=== Section Start ===

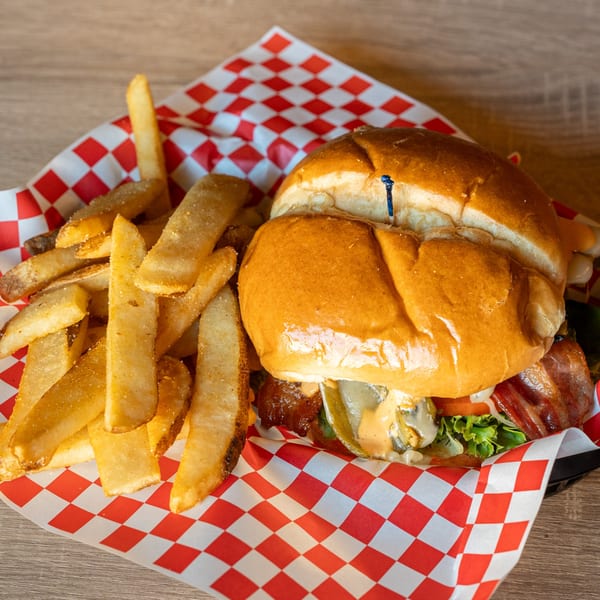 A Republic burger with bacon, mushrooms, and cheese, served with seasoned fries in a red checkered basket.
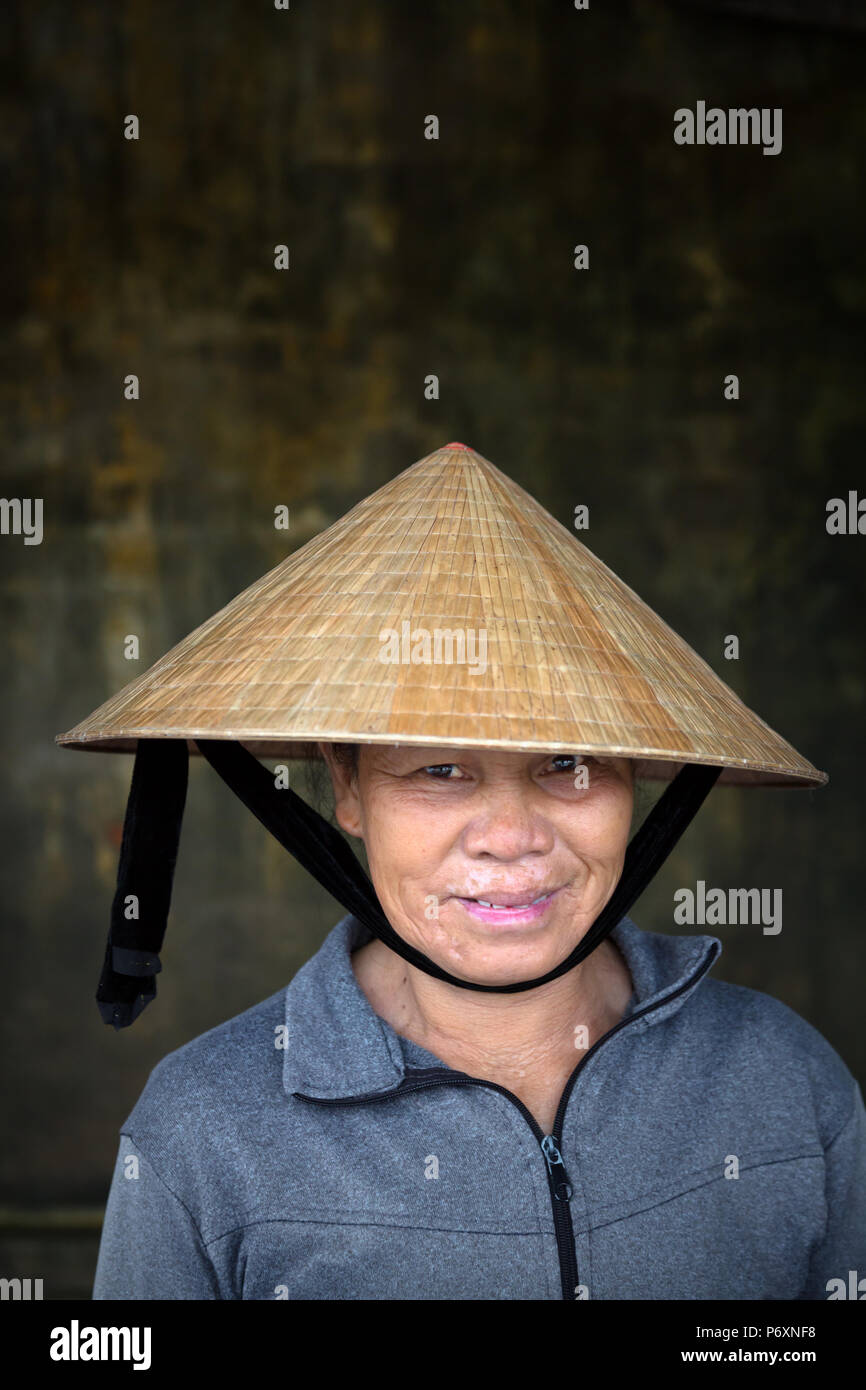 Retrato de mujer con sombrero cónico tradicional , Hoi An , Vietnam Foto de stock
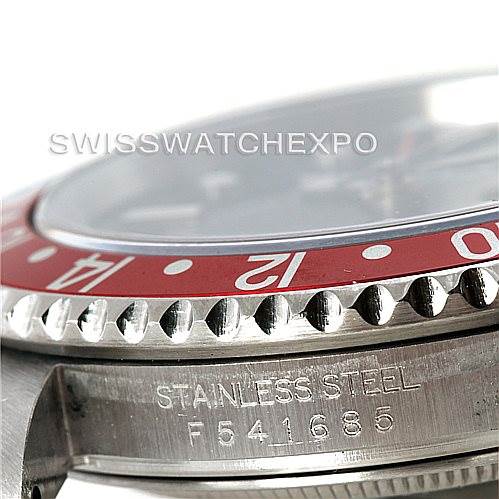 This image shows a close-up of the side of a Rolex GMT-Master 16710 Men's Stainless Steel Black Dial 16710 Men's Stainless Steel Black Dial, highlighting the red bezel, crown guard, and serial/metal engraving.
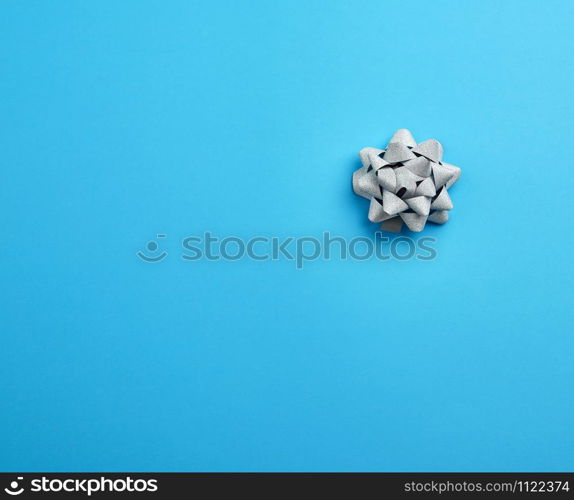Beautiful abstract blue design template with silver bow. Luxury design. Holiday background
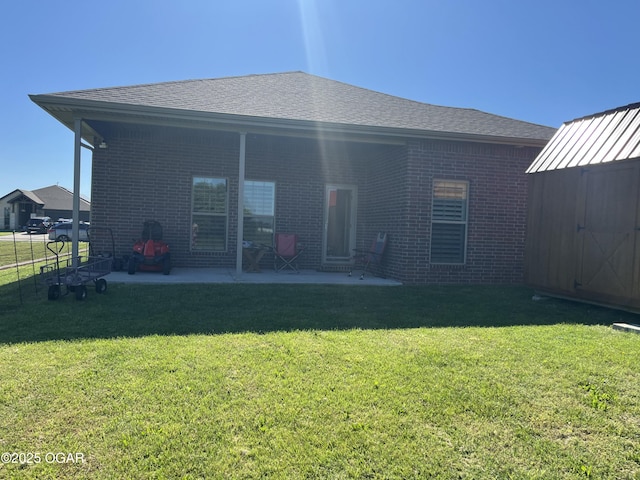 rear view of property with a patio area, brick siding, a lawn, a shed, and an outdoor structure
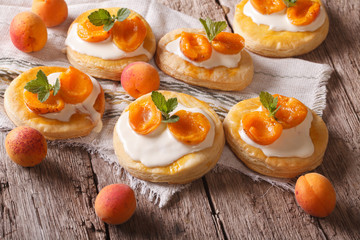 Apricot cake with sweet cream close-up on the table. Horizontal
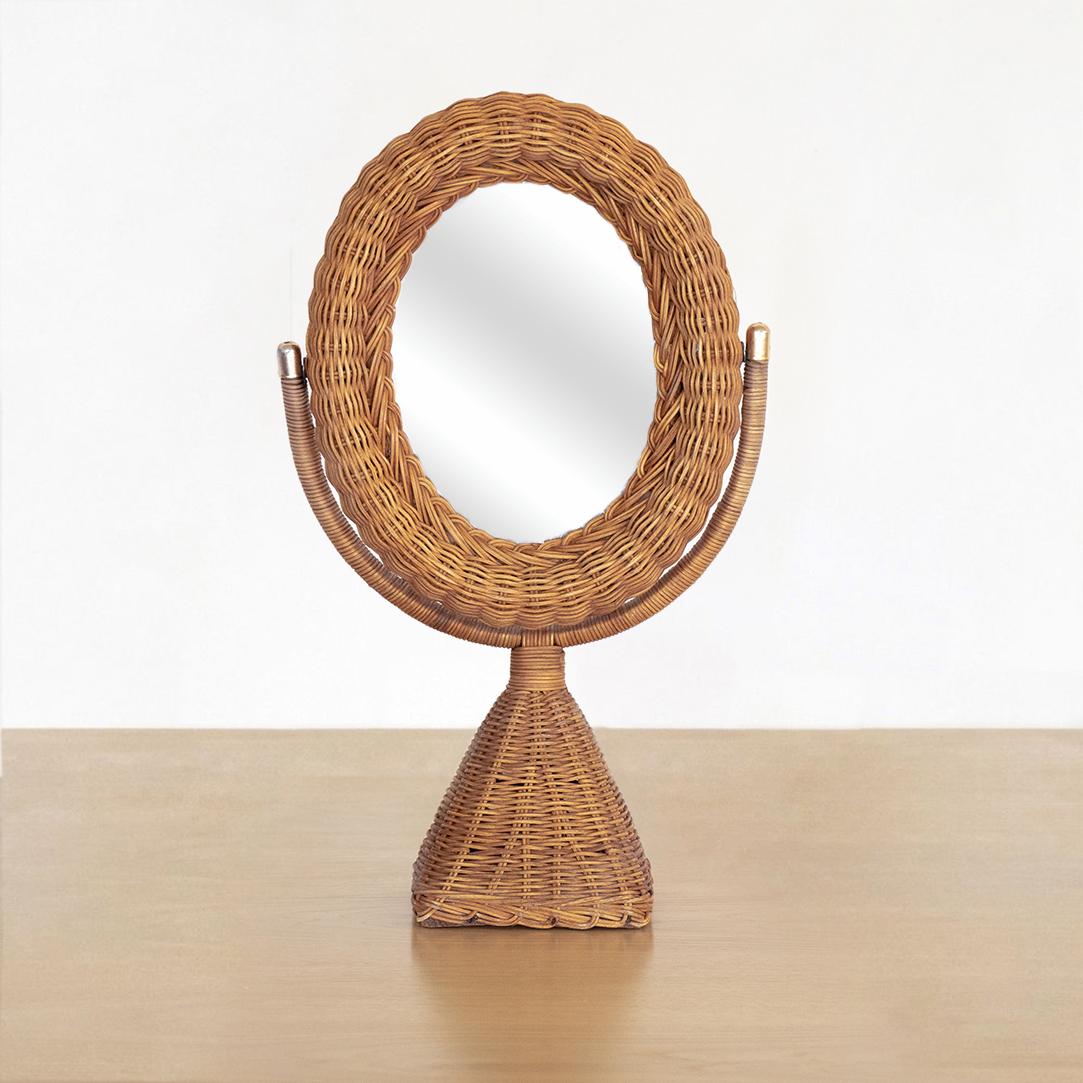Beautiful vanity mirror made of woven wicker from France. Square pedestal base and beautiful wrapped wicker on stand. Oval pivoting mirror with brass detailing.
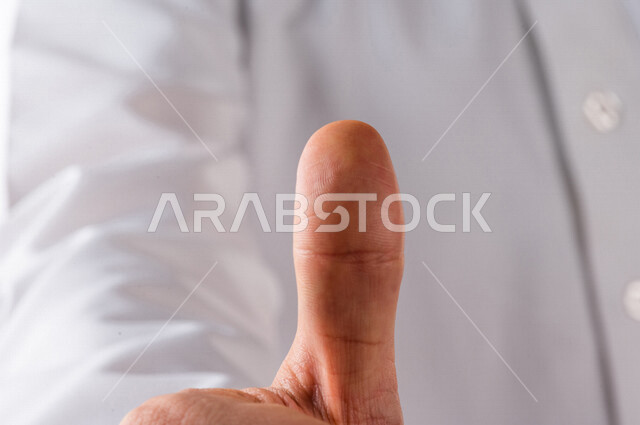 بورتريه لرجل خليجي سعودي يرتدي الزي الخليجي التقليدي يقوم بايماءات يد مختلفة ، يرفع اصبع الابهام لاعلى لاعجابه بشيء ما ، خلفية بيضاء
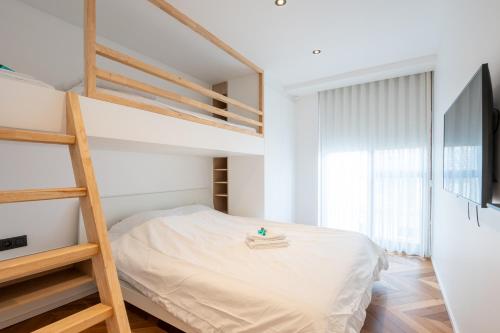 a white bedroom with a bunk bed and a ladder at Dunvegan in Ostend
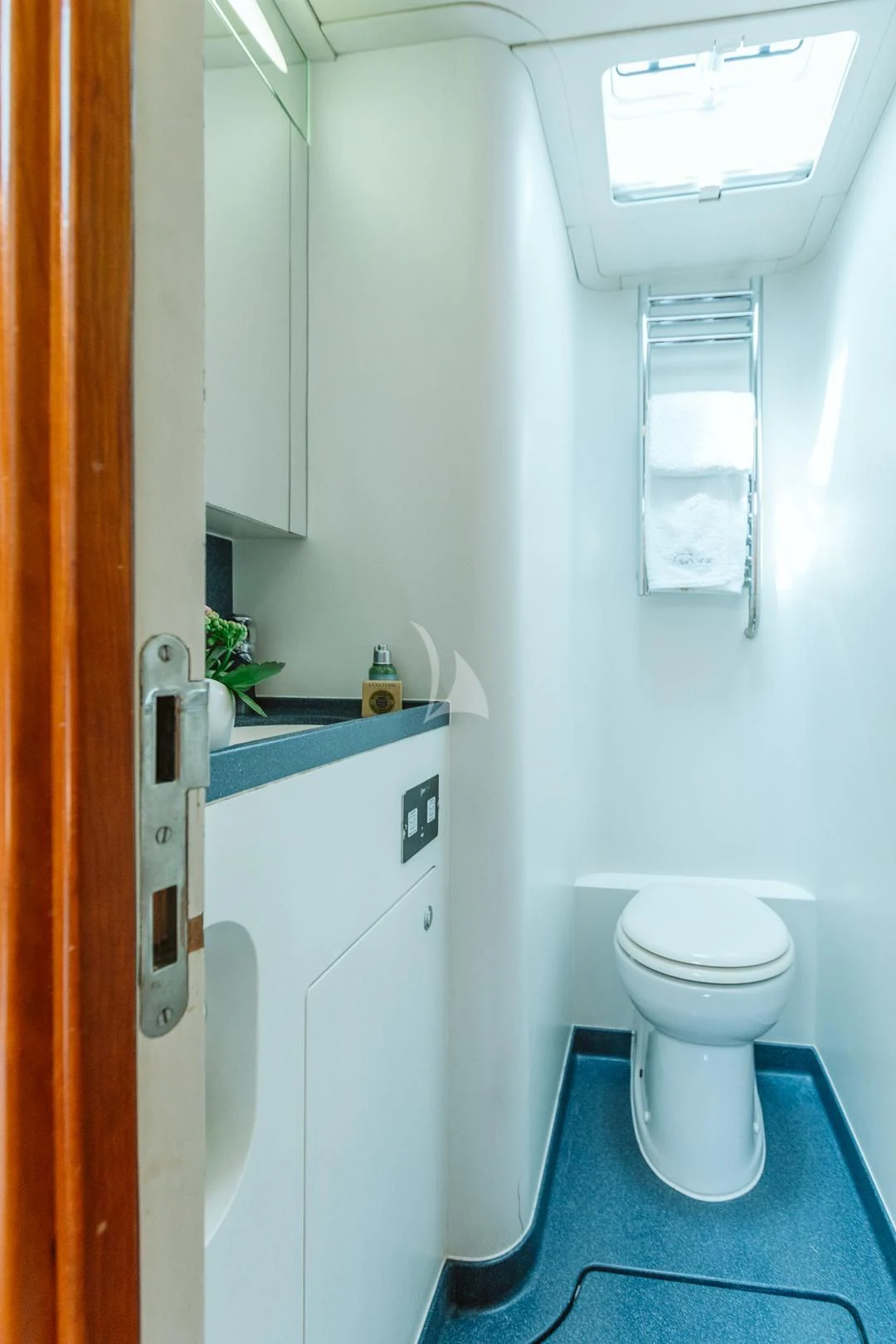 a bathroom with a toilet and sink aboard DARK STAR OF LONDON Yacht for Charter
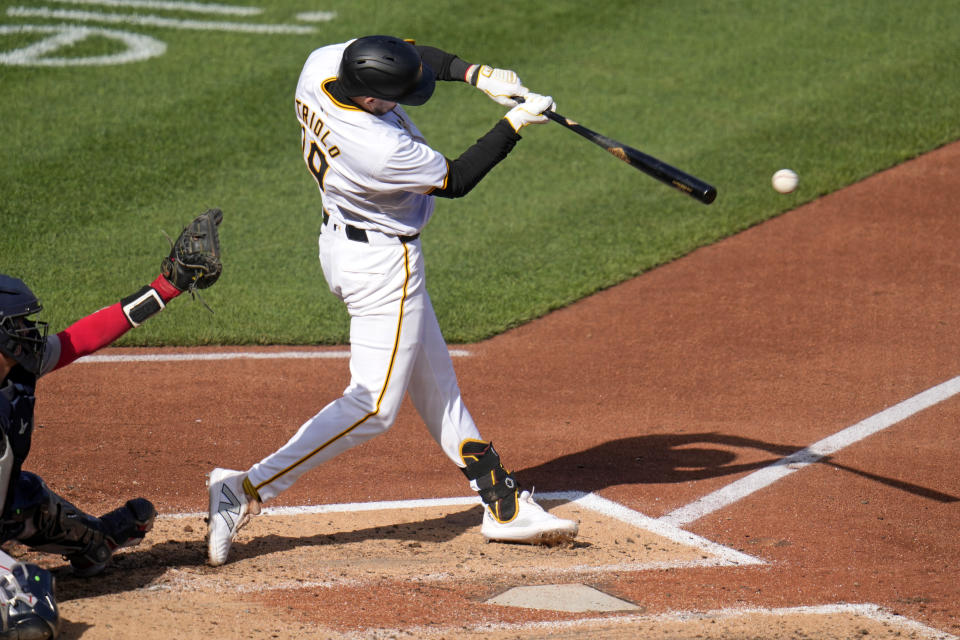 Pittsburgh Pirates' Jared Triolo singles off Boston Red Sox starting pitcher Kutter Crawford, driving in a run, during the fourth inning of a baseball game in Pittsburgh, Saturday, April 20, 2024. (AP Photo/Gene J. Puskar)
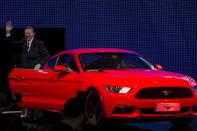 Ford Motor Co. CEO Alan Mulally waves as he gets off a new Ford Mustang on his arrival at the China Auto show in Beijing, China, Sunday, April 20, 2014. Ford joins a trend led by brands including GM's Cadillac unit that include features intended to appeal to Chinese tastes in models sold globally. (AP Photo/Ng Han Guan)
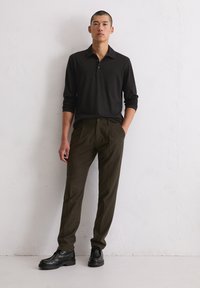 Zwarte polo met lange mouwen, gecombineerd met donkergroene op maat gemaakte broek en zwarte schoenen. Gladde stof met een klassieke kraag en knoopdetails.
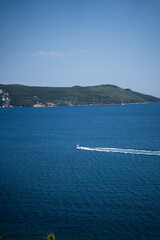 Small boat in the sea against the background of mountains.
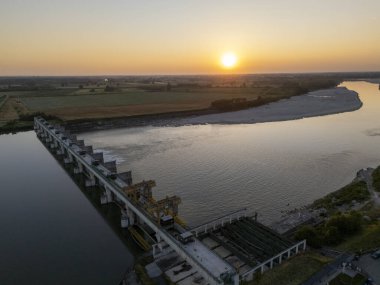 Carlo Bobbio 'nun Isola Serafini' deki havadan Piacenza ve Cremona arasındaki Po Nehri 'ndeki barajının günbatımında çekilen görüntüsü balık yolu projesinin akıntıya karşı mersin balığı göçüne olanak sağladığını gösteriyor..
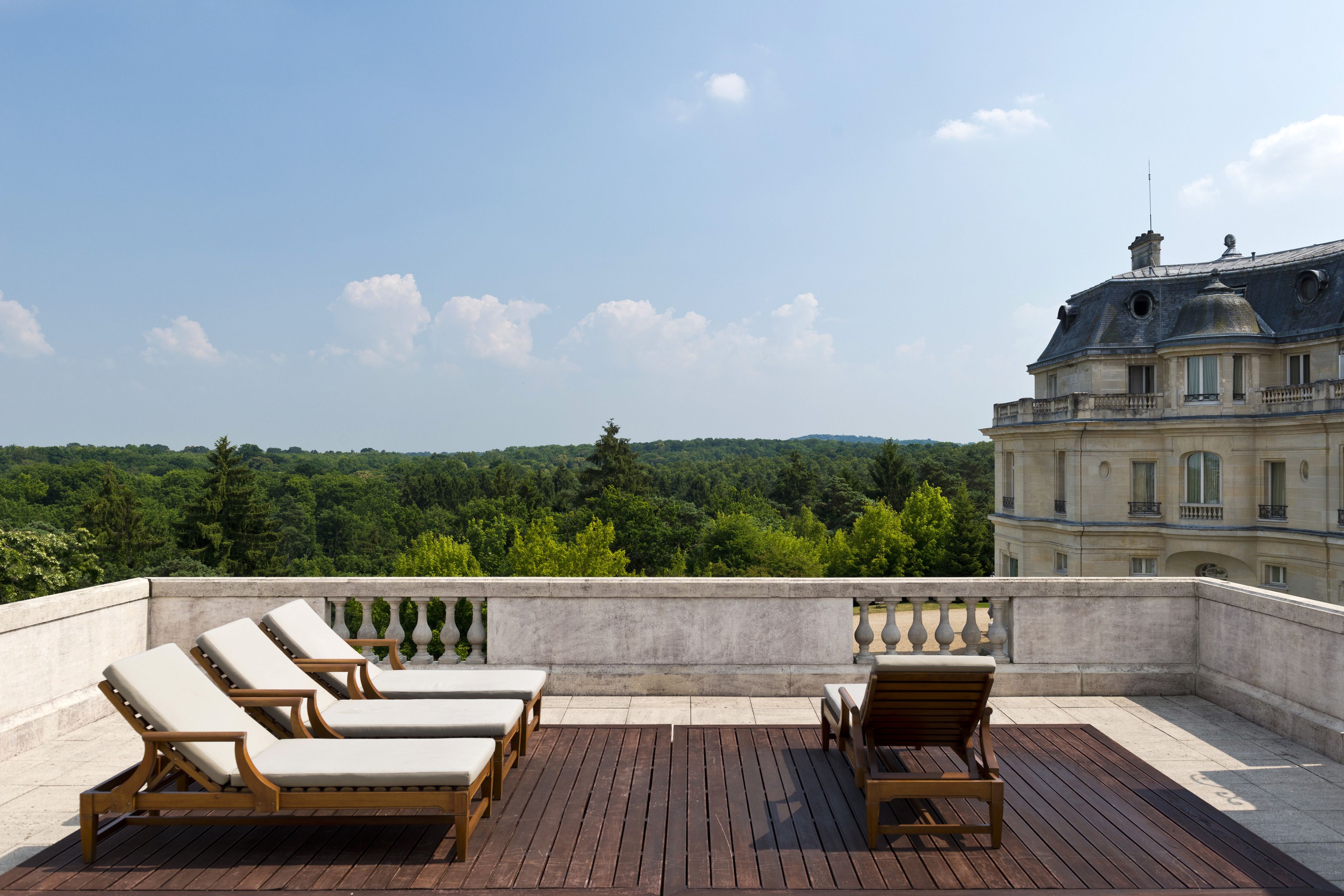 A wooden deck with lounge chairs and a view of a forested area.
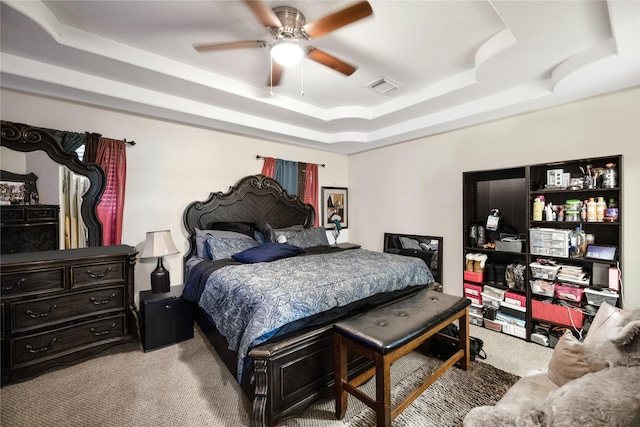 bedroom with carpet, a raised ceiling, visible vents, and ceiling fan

=== Section End ===

## WORK TO COMPLETE
Please return exactly the lines above, from where the listing starts to the line holding "Pittsburgh Pirates' Jared", inclusive, with the pictures omitted.

## ANSWER TO THE EXERCISE
 A Republic burger with bacon, mushrooms, and cheese, served with seasoned fries in a red checkered basket.
 Retrato de mujer con sombrero cónico tradicional , Hoi An , Vietnam Foto de stock
 This image shows a close-up of the side of a Rolex GMT-Master 16710 Men's Stainless Steel Black Dial 16710 Men's Stainless Steel Black Dial, highlighting the red bezel, crown guard, and serial/metal engraving.
Beautiful abstract blue design template with silver bow. Luxury design. Holiday background
 rear view of property with a patio area, brick siding, a lawn, a shed, and an outdoor structure
 Apricot cake with sweet cream close-up on the table. Horizontal
Beautiful vanity mirror made of woven wicker from France. Square pedestal base and beautiful wrapped wicker on stand. Oval pivoting mirror with brass detailing.
 بورتريه لرجل خليجي سعودي يرتدي الزي الخليجي التقليدي يقوم بايماءات يد مختلفة ، يرفع اصبع الابهام لاعلى لاعجابه بشيء ما ، خلفية بيضاء
 a white bedroom with a bunk bed and a ladder at Dunvegan in Ostend
 a bathroom with a toilet and sink aboard DARK STAR OF LONDON Yacht for Charter
 Pittsburgh Pirates' Jared Triolo singles off Boston Red Sox starting pitcher Kutter Crawford, driving in a run, during the fourth inning of a baseball game in Pittsburgh, Saturday, April 20, 2024. (AP Photo/Gene J. Puskar)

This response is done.